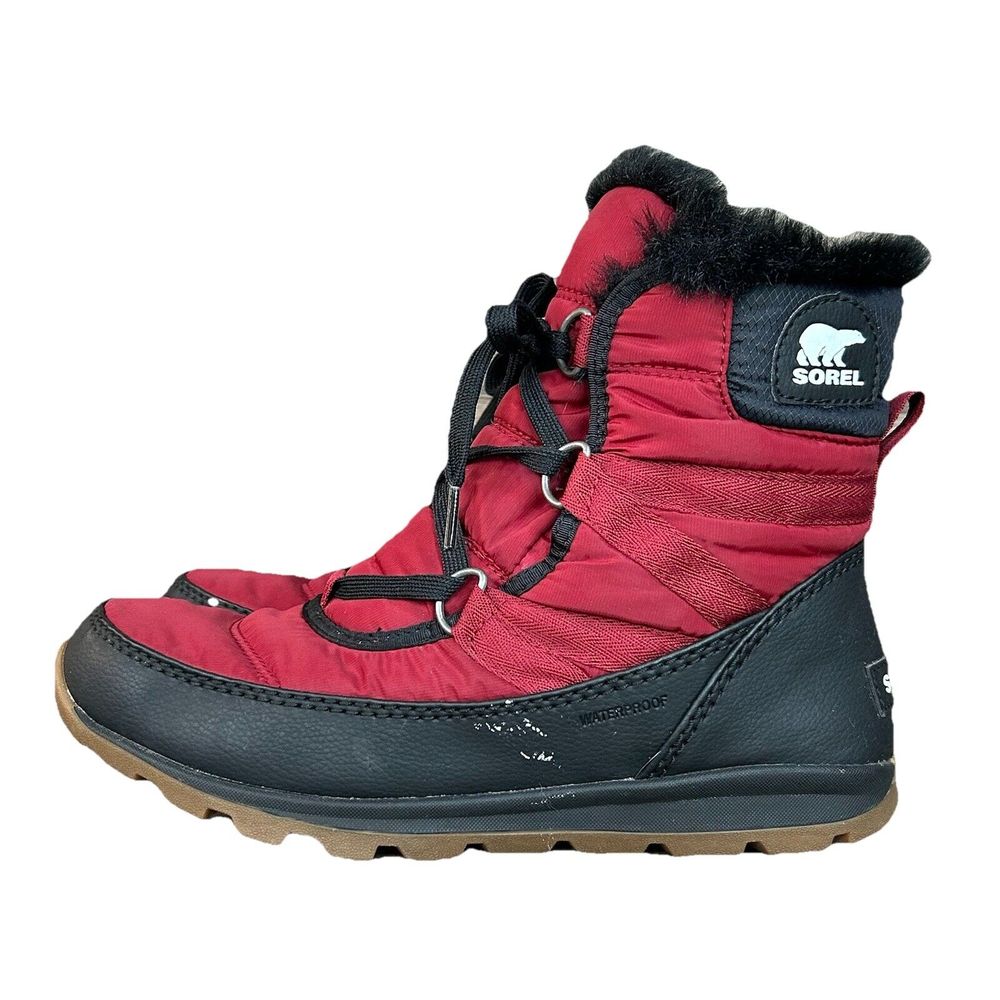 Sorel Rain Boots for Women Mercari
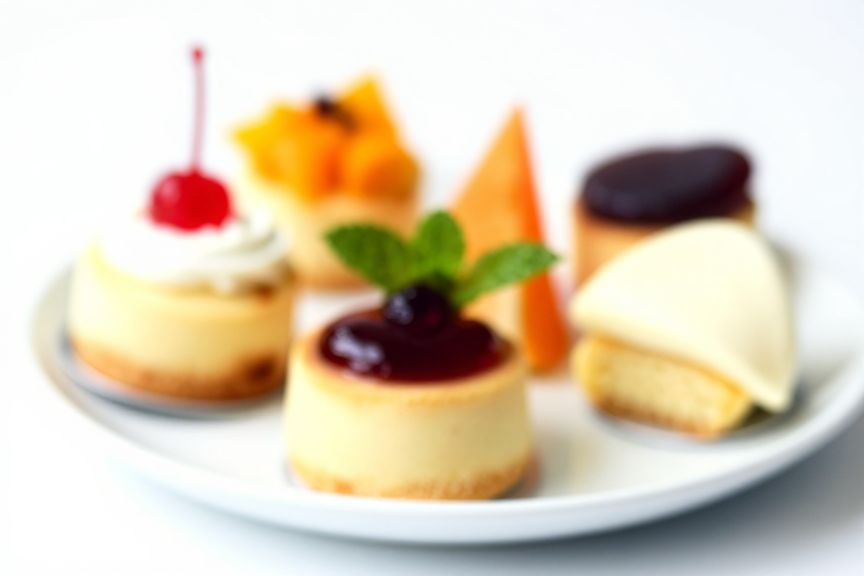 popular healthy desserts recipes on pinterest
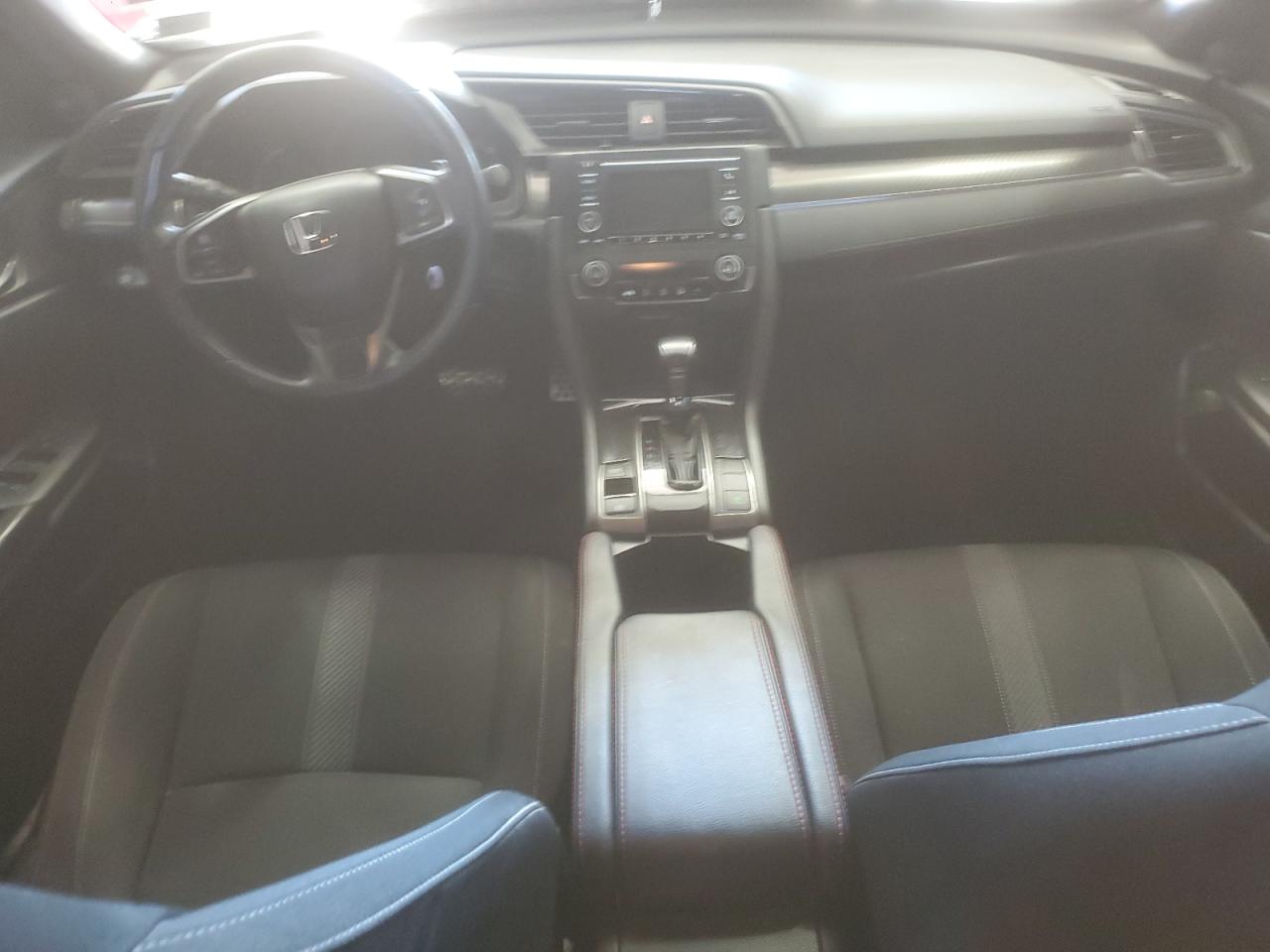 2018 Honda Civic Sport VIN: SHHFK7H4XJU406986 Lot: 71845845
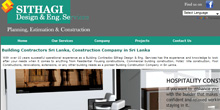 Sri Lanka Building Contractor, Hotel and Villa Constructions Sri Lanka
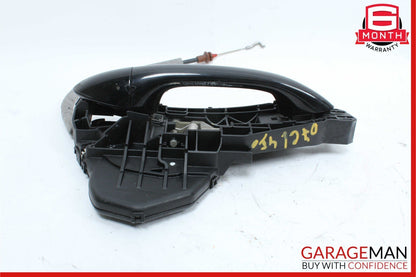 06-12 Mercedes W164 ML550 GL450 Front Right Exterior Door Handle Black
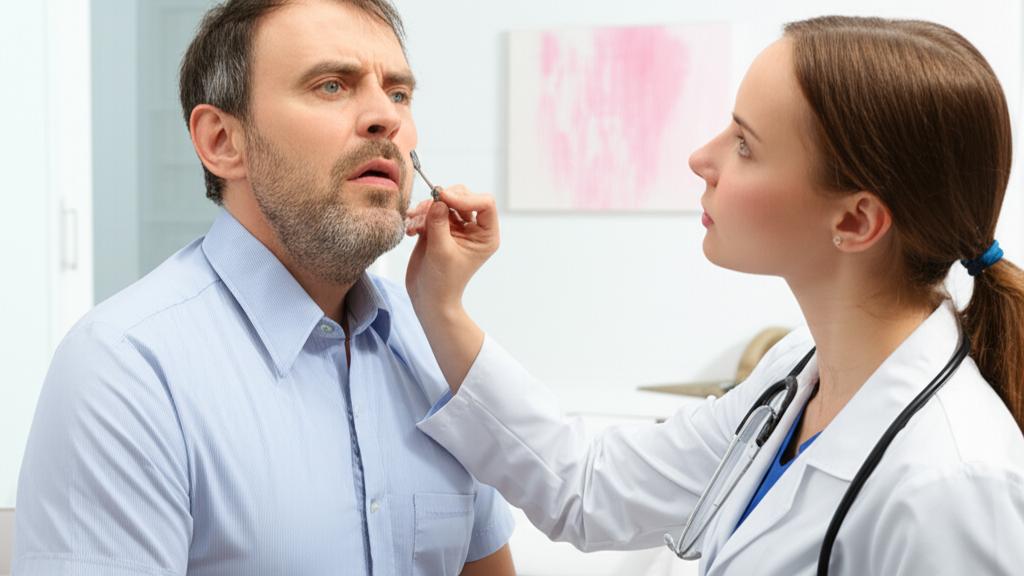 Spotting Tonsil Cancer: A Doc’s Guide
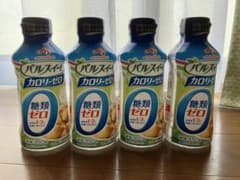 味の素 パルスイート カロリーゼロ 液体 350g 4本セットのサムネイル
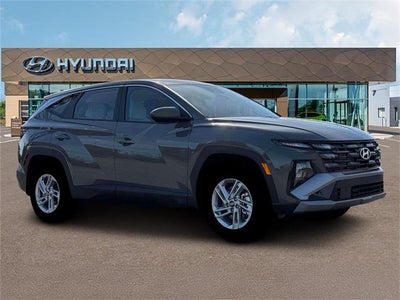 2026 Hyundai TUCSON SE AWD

---

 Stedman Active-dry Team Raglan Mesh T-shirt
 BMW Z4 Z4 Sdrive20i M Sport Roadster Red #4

Problem ▸ In the listing above, find the line with "Sorel Rain Boots for Women Mercari" and the line with "2026 Hyundai TUCSON SE AWD". Copy exactly those lines and all between them, minus the images.

Answer to this task ▸
 Sorel Rain Boots for Women Mercari
 popular healthy desserts recipes on pinterest
 2018 Honda Civic Sport VIN: SHHFK7H4XJU406986 Lot: 71845845
 Sri Lanka Building Contractor, Hotel and Villa Constructions Sri Lanka
 06-12 Mercedes W164 ML550 GL450 Front Right Exterior Door Handle Black
 Spotting Tonsil Cancer: A Doc’s Guide
 味の素 パルスイート カロリーゼロ 液体 350g 4本セットのサムネイル
 2026 Hyundai TUCSON SE AWD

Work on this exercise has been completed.